Leah West: Popular, independent, singer-songwriter, multi-disciplinary artist, and award winner…. There are many ways to describe Leah West. I would describe her as humble and inspirational. Now, you might think those two adjectives don’t work well together, but I talked to Leah in great depth about her music and I listened to her name off other artists who inspire her. I began to see that it probably never occurred to Leah how much she inspires other artists.It also never occurred to Leah that she would be nominated for the 2011 BCIMA “People’s Choice Award,” let alone that she would win. Leah recalls that she was shaking right before her name was announced. She was up for a total of three other awards. She was nominated for “Single of the Year”, “Pop/Contemporary Recording of the Year” and for “Singer/Songwriter of the Year.” She made it to the top 3 among approximately 700 other artists. She was up against a 2x JUNO Award Winner in all three categories. Although she did not win, she felt honored just to be in the top 3 with such formidable talent. When Leah’s name was called for the 2011 BCIMA “People’s Choice Award,” she recalls this rush of energy. “It was surreal. Everyone was cheering and clapping for me. I was shaking and crying.”

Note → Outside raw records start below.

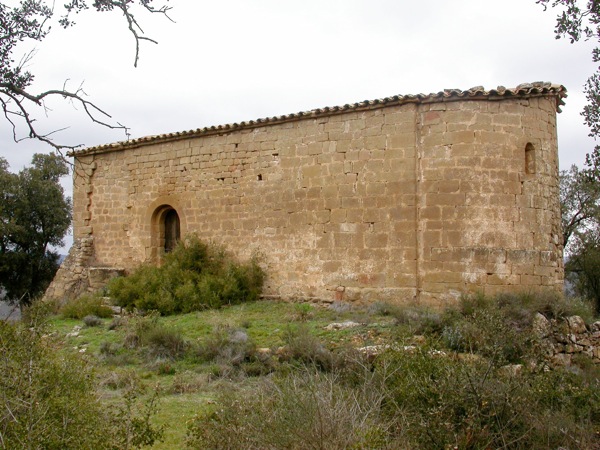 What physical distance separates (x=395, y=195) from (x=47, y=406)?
8231 millimetres

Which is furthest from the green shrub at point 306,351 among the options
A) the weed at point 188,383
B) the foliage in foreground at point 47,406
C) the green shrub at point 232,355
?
the foliage in foreground at point 47,406

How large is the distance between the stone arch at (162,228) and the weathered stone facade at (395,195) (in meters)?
1.10

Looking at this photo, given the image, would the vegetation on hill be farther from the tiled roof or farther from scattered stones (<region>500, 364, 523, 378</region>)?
the tiled roof

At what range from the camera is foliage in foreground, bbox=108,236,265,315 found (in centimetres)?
1252

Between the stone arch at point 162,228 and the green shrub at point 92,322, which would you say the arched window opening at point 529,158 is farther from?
the green shrub at point 92,322

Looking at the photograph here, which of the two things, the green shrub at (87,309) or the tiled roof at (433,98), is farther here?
the green shrub at (87,309)

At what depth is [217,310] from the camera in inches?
477

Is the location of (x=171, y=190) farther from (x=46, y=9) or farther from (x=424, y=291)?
(x=46, y=9)

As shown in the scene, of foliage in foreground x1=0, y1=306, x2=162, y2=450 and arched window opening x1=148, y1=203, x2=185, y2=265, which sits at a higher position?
arched window opening x1=148, y1=203, x2=185, y2=265

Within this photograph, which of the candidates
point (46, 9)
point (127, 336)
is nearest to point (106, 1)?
point (46, 9)

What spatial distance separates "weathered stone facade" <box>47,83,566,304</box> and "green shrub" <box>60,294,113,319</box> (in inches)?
112

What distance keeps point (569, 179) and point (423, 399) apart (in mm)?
17552

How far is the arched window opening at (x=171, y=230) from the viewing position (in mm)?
15102

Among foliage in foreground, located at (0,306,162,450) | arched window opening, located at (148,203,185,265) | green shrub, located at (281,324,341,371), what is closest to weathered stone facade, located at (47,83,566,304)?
arched window opening, located at (148,203,185,265) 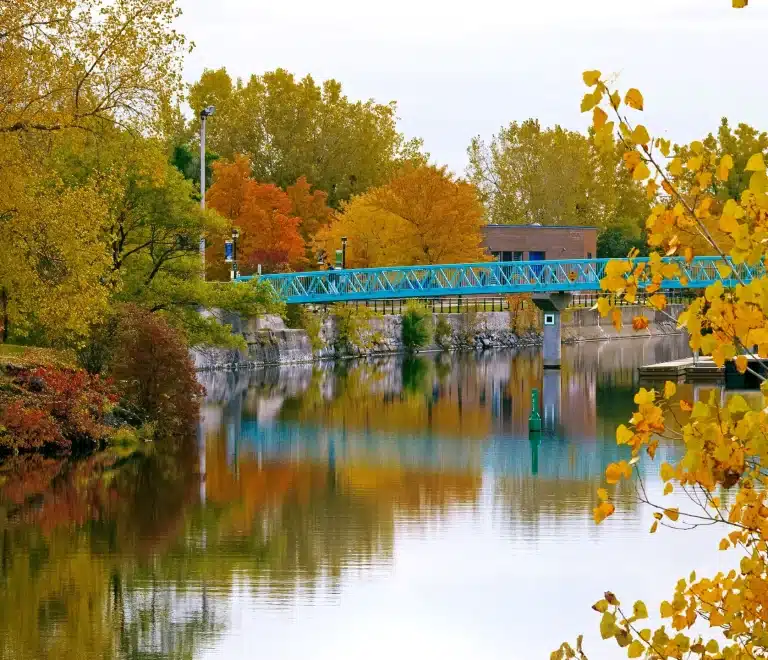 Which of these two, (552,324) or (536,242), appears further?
(536,242)

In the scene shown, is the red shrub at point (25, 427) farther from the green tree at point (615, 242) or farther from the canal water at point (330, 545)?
the green tree at point (615, 242)

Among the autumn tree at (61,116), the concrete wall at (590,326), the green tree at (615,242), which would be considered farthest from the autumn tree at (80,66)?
the green tree at (615,242)

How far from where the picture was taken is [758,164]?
5.16m

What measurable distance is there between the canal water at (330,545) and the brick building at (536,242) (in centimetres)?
5496

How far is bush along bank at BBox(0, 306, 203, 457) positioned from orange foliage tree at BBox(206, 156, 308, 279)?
3604 centimetres

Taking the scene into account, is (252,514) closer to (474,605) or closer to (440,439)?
(474,605)

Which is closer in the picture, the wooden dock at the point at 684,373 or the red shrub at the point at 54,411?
the red shrub at the point at 54,411

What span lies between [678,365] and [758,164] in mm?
50370

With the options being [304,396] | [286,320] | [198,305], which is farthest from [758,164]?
[286,320]

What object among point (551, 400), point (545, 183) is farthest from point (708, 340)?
point (545, 183)

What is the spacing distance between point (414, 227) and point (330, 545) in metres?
54.6

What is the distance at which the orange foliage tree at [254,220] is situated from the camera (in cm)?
7138

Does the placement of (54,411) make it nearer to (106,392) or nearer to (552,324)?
(106,392)

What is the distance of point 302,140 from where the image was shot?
96438mm
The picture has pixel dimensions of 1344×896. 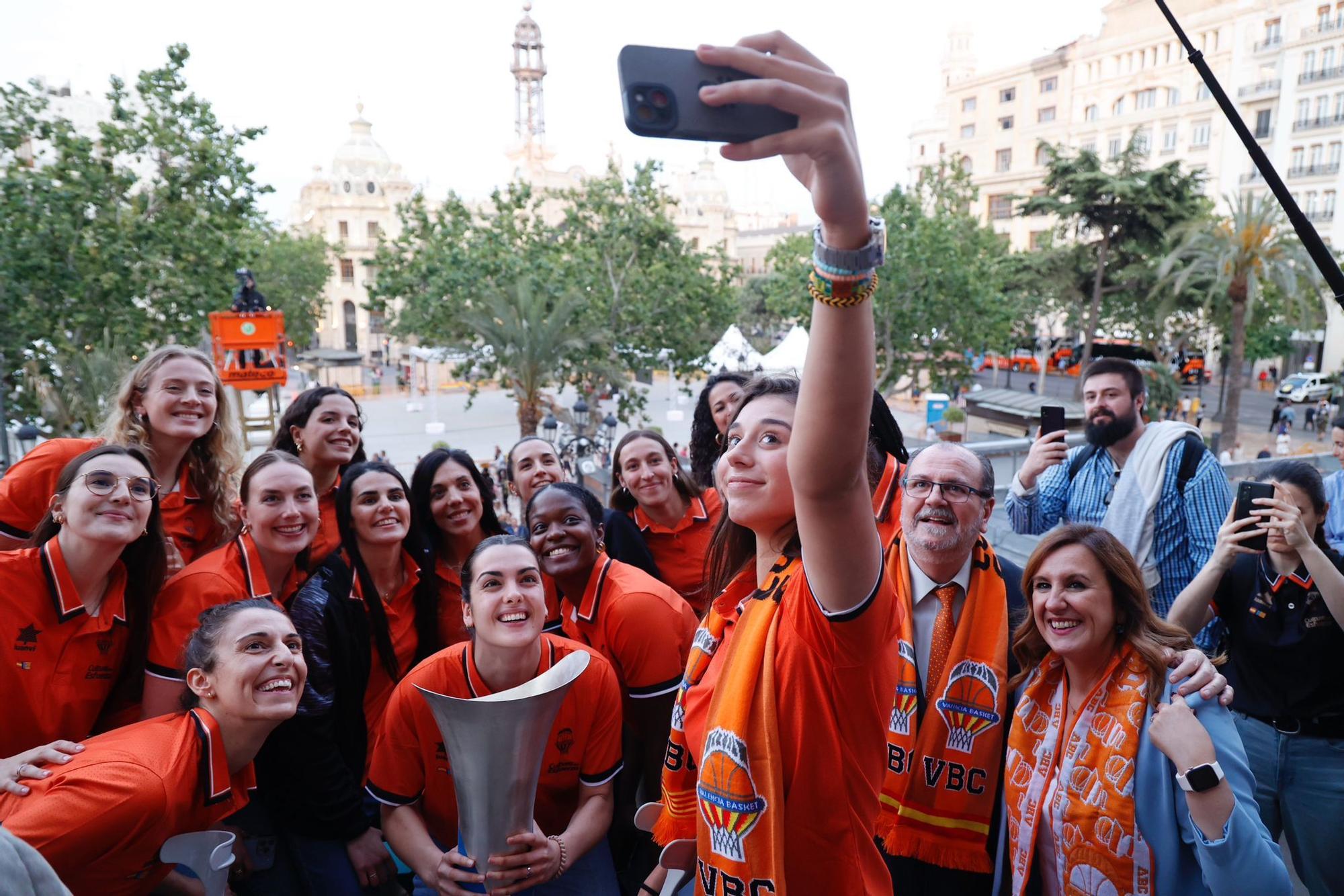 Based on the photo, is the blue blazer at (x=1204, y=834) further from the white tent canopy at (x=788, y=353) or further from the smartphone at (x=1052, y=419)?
the white tent canopy at (x=788, y=353)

Leah has been practically singing since she was born. She even has a video of herself at two-and-a-half-years-old singing with a mic. When she was around seven years old, she began writing poetry. She really liked literature. When she was a teenager, her first boyfriend was the son of Jimmy Webb, the multi-platinum-selling singer, songwriter and composer. This planted a seed. His whole family was very musical, and it gave Leah an idea that it was possible to make a living in music.
But Leah went through different phases of her life. Though it was “intuitive” that she would eventually return to work in this field, she didn’t always know what she wanted to do and even veered away from piano and guitar for several years. In fact, she cheered and ran track for a period of time while in High School. She even got into acting at one point.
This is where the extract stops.